This court considered the dual capacity doctrine in Hills v. Salt River Project Ass’n, 144 Ariz. 421, 698 P.2d 216 (App. 1985). While we did not foreclose application of the doctrine under appropriate facts, we noted that even those jurisdictions recognizing the doctrine have limited its applicability to situations where the employer has placed the device in question in the stream of commerce. Hills, supra, at 144 Ariz. 425-26, 698 P.2d at 220-21.

This is not such a case. Southwest was engaged in the production of salt and made the salt harvester only for its own use. Further, the equipment was furnished to appellant as an employee and not as a member of the consuming public. There could be no dual capacity liability.

Appellants have no viable claim against Southwest and the nonliability of Grott is co-extensive. The trial court’s summary judgment must be affirmed.

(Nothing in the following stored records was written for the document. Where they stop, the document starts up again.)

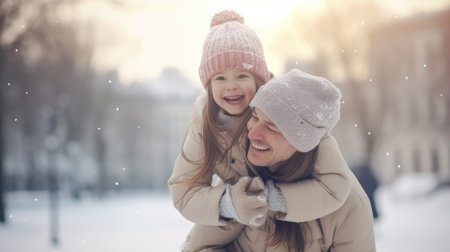 Happy family having fun while travel outdoor in winter enjoying time together comelinessの素材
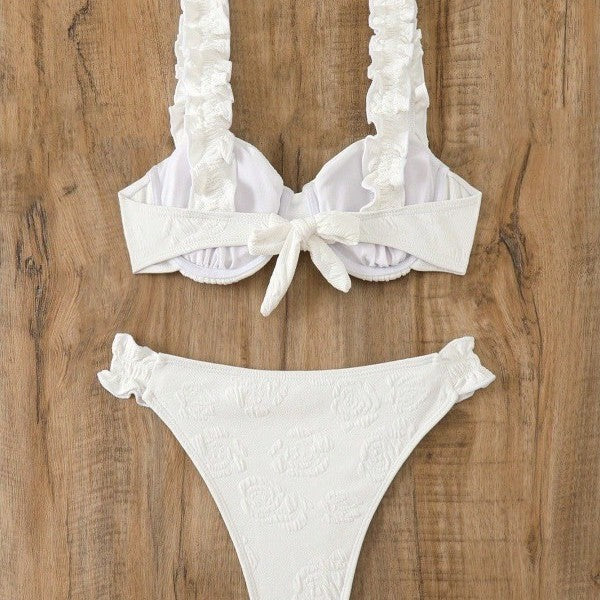 Solid Color Lace Double Shoulder Strap Two-Piece Bikini Swimsuit for Women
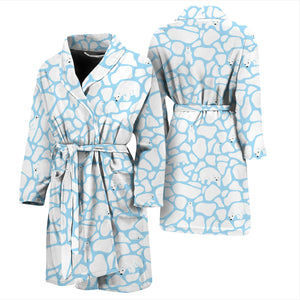 Polar Bear Ice Pattern Men Bathrobe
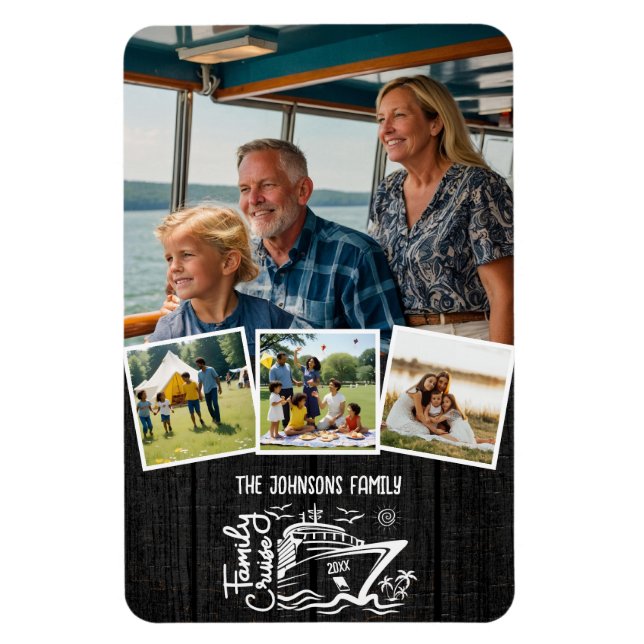 Familiärer Cruise-Sake & Custom 4 Foto-Rahmen Magnet (Vertikal)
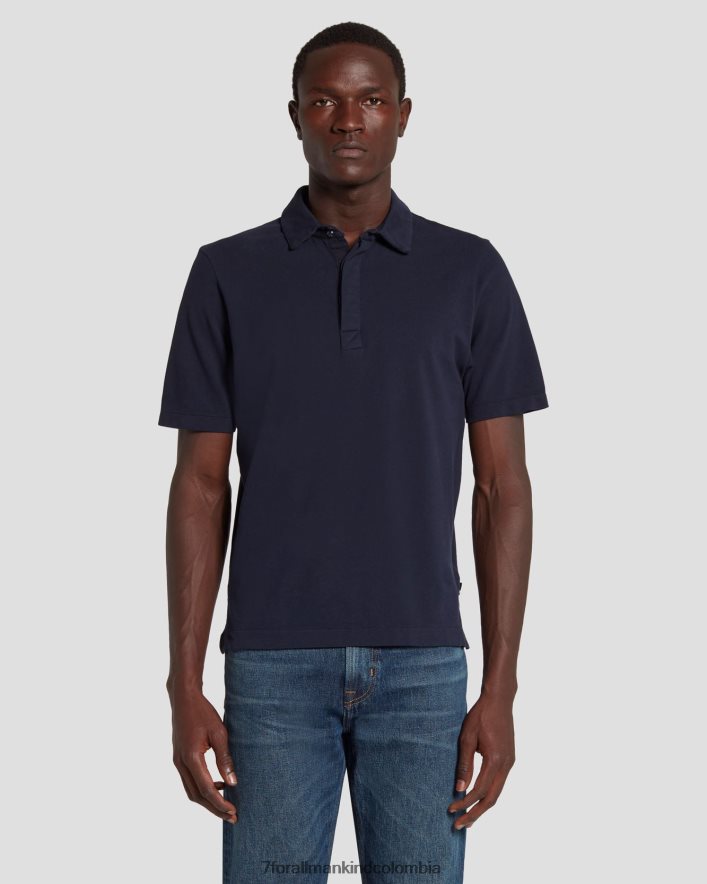 vestir 7 for All Mankind Polo de punto de piqué en azul marino JBNRD697
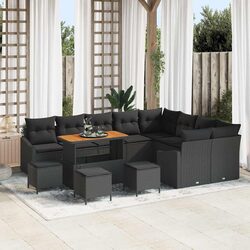 Outdoor Garden Sofa Set Modular Lounger 13 Pieces Black Poly Rattan Seating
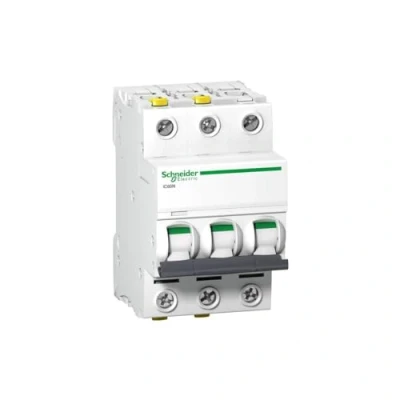 Immagine di Schneider A9F03306 Interruttore di Circuito iC60N, 3P, 6A, B, Bianco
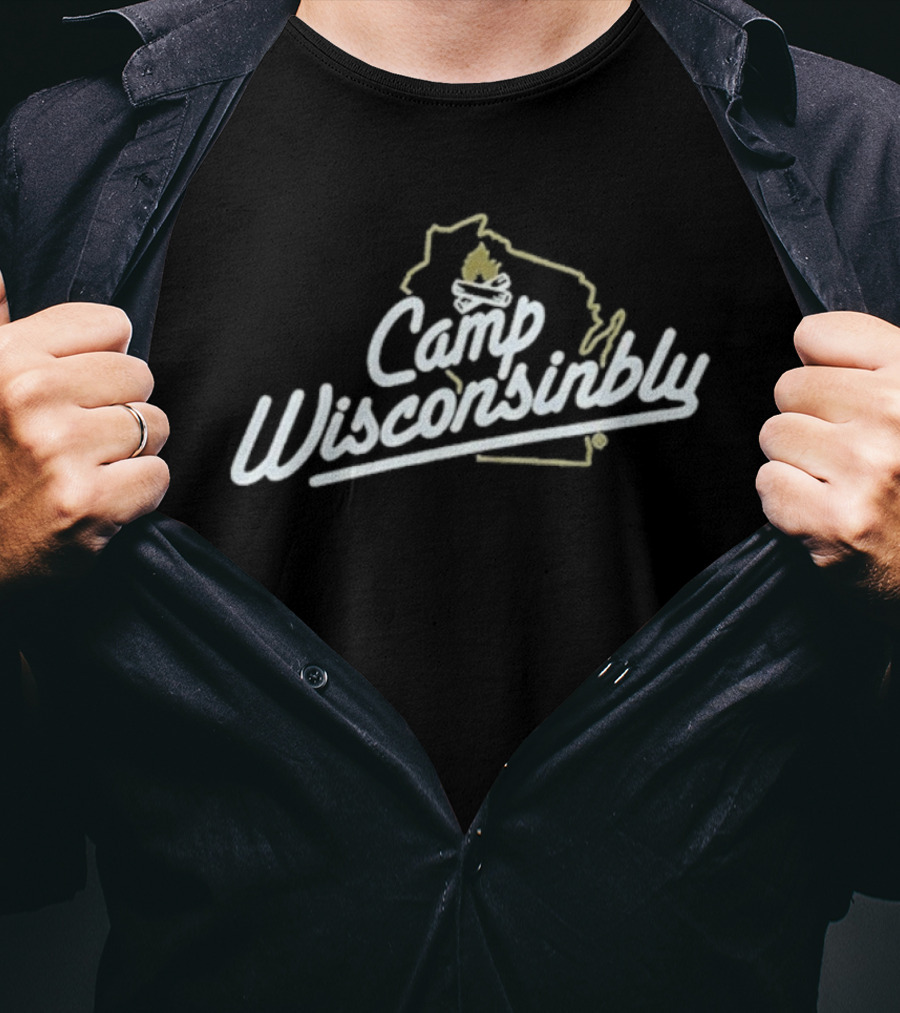 Camp Wisconsinbly Drink Wisconsinbly Wisconsin Map And Beer T-Shirt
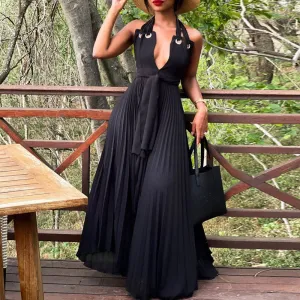 Solid Deep V-Neck Halter Sleeveless Maxi Dress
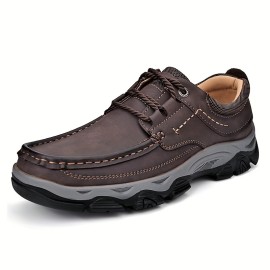 Plus Size Men's Top Grain Leather Vintage Solid Colour Old School Style Walking Shoes, Comfy Non Slip Rubber Sole Lace Up Shoes For Men's Outdoor Activities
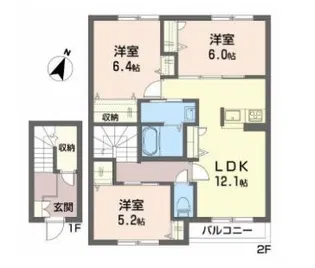 シャーメゾンガーデンズ下長A【2階】の間取り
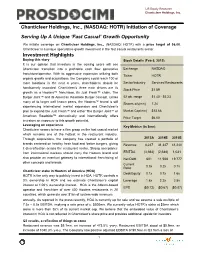 Chanticleer Holdings, Inc., (NASDAQ: HOTR) Initiation of Coverage Serving up a Unique 'Fast Casual' Growth Opportunity Inve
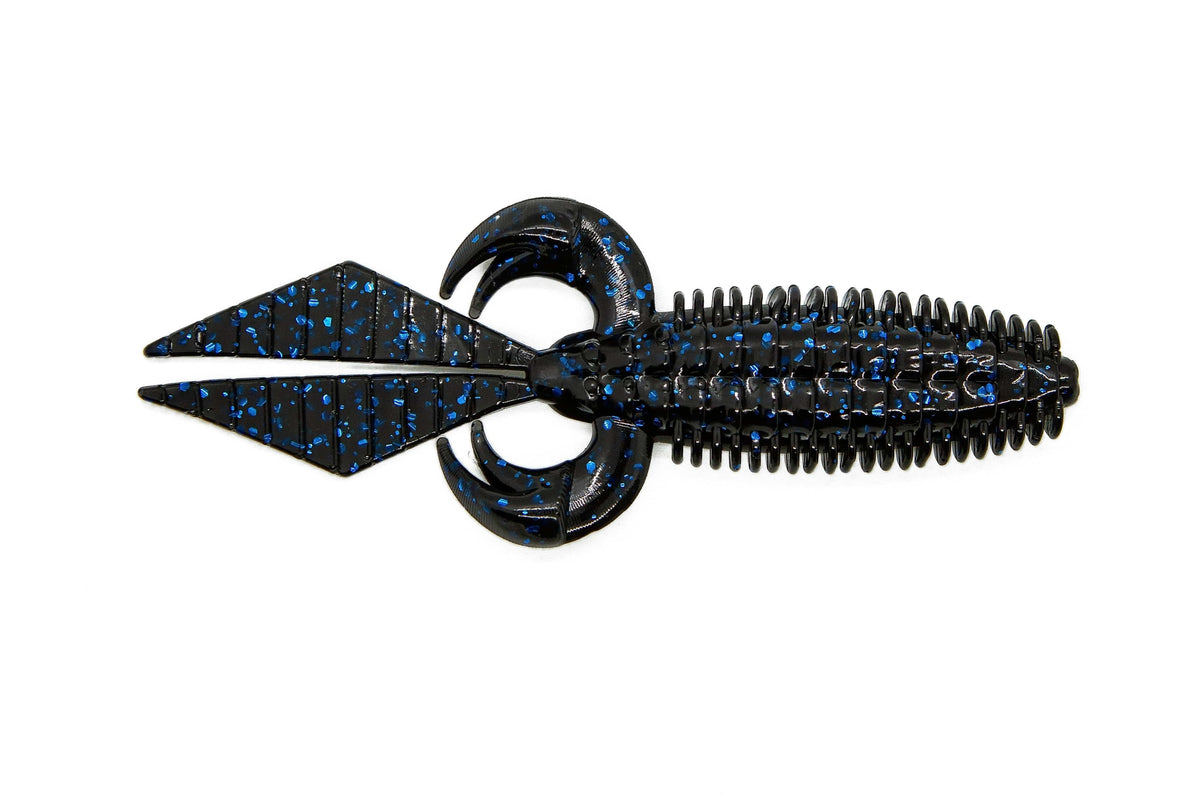 Soft Plastic Flat Wild Black Blue Glitter Flat Wild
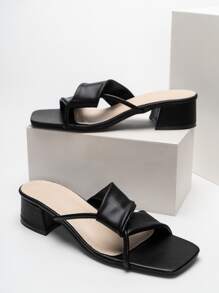 Dép xăng đan xoắn lại màu trơn Đúng mốt - màu đen - Xem 1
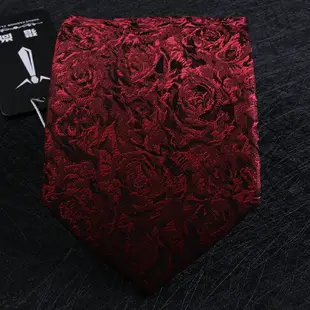 8厘米玫瑰花領帶真絲男士領帶正裝商務襯衫領帶結婚領帶新郎領帶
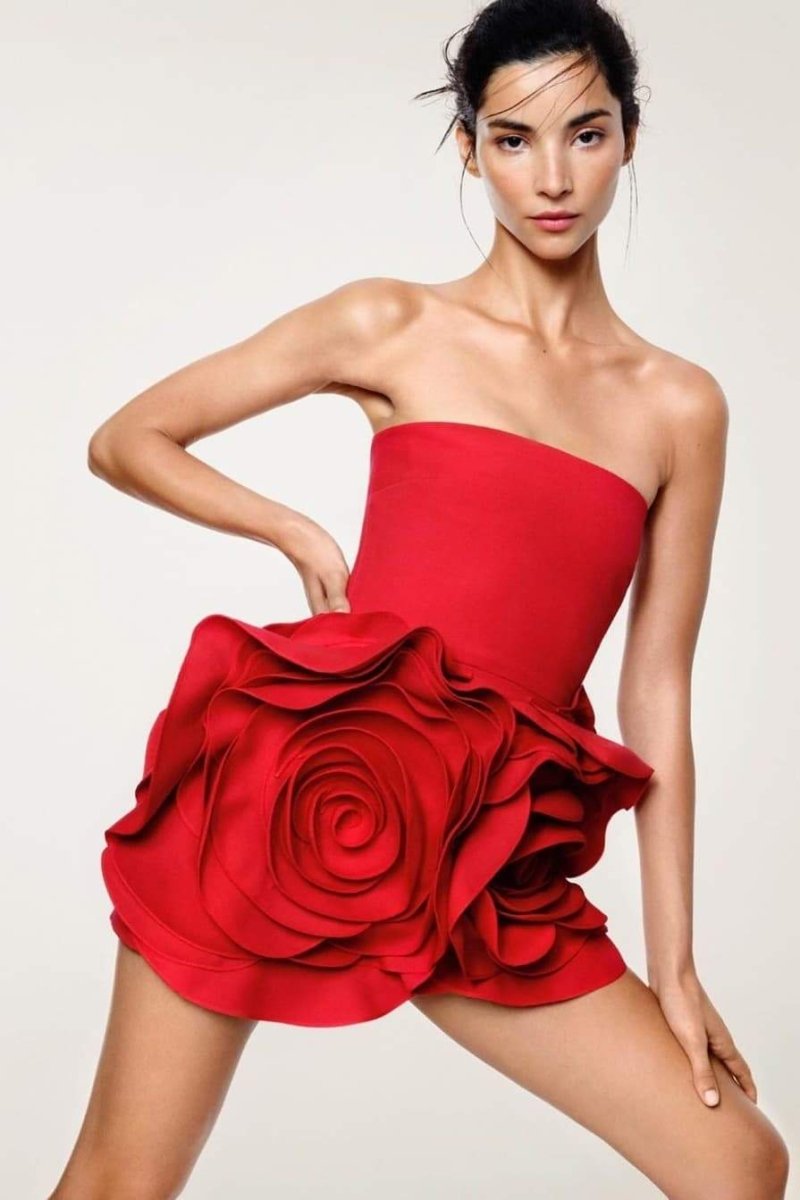 Eudora Çiçek Straplez Mini Elbise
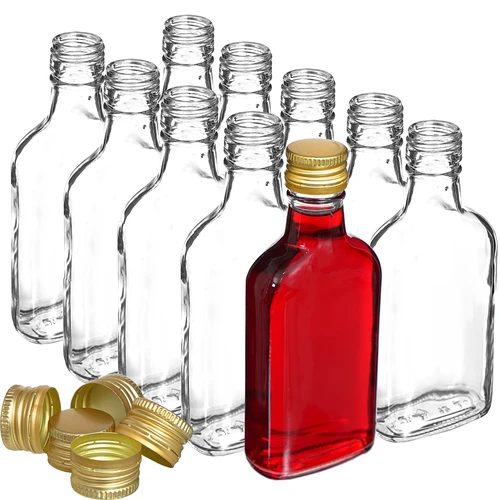 Pudele liķieriem kabatkolba ar skrūvējamu vāciņu 200 ml, 10 gab. - 2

Appellees request attorney’s fees for frivolous appeal pursuant to ARCAP Rule 25. They point out that Hills, supra, was decided prior to briefing and they further contend that even apart from the waiver aspect appellants’ intentional tort claim was inadequately alleged and unsupported by closely relevant authority. Appellees rely upon this court’s holding imposing penalties for frivolous appeal in Price v. Price, 134 Ariz. 112, 654 P.2d 46 (App. 1982). We indicated in Price that our authority to penalize for frivolous appeal should be exercised sparingly.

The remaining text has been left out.